**Working data:**

====

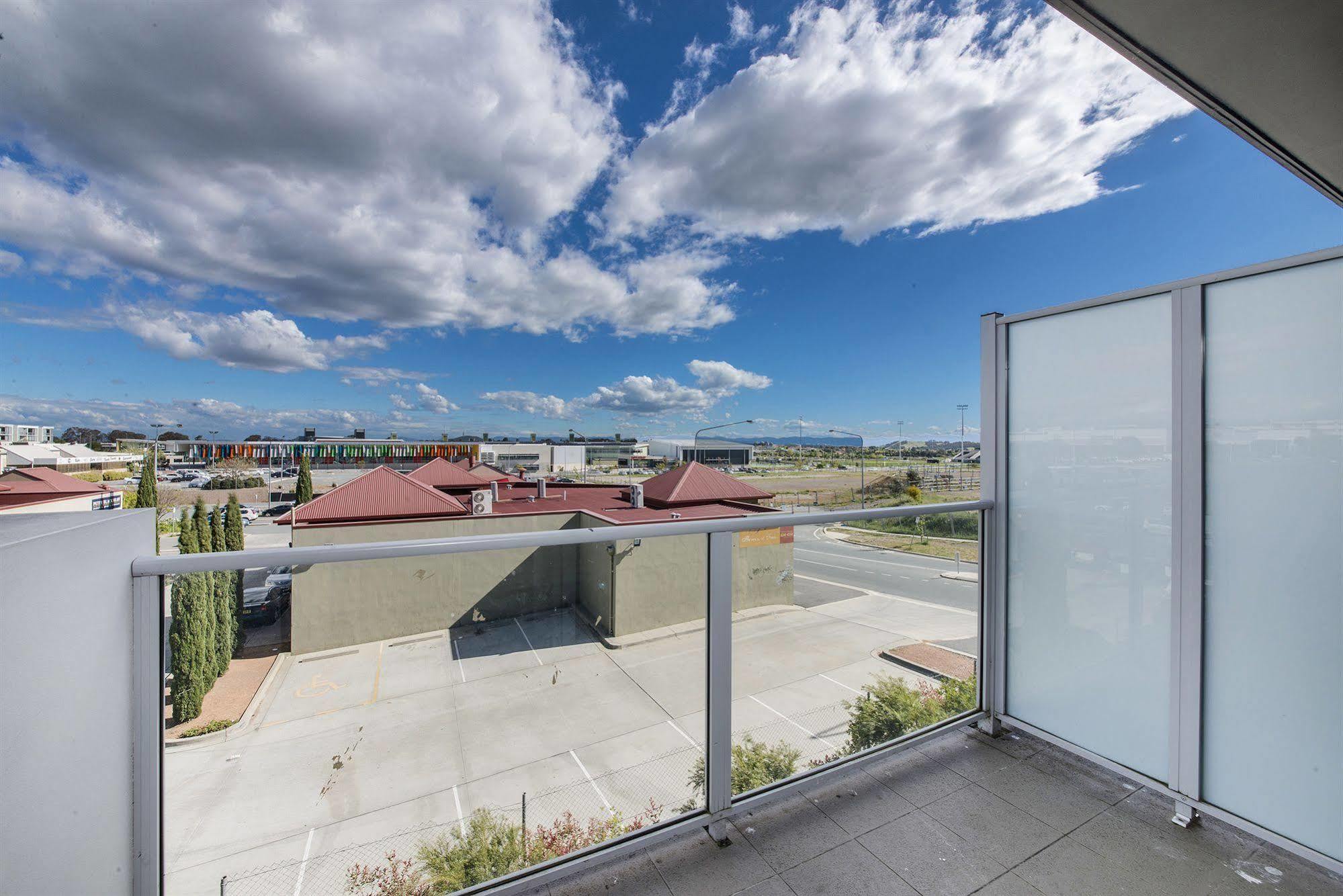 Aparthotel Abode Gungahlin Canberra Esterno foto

====

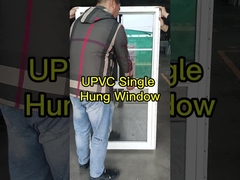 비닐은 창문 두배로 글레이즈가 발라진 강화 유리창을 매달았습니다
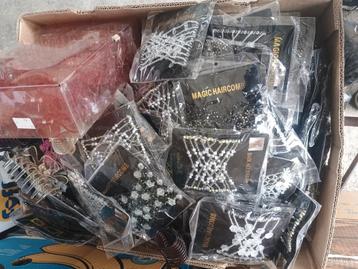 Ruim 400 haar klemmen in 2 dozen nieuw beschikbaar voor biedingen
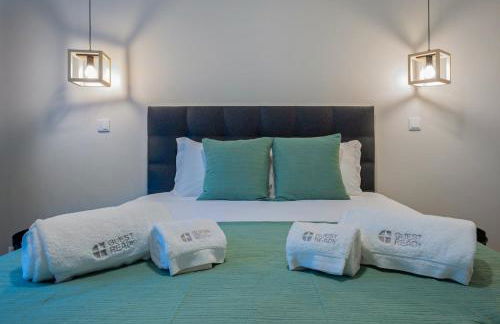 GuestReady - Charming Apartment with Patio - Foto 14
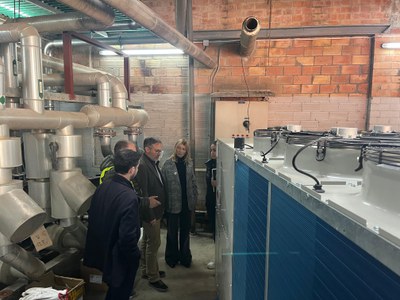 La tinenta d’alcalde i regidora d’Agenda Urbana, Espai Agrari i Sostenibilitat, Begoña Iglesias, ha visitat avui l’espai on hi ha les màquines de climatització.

====

**Problem:** Whatever pictures the records hold, omit them; give again exactly the lines from the one containing "GuestReady - Charming" through the one containing "La tinenta d’alcalde".

**Answer to this task:**
 GuestReady - Charming Apartment with Patio - Foto 14
 La tinenta d’alcalde i regidora d’Agenda Urbana, Espai Agrari i Sostenibilitat, Begoña Iglesias, ha visitat avui l’espai on hi ha les màquines de climatització.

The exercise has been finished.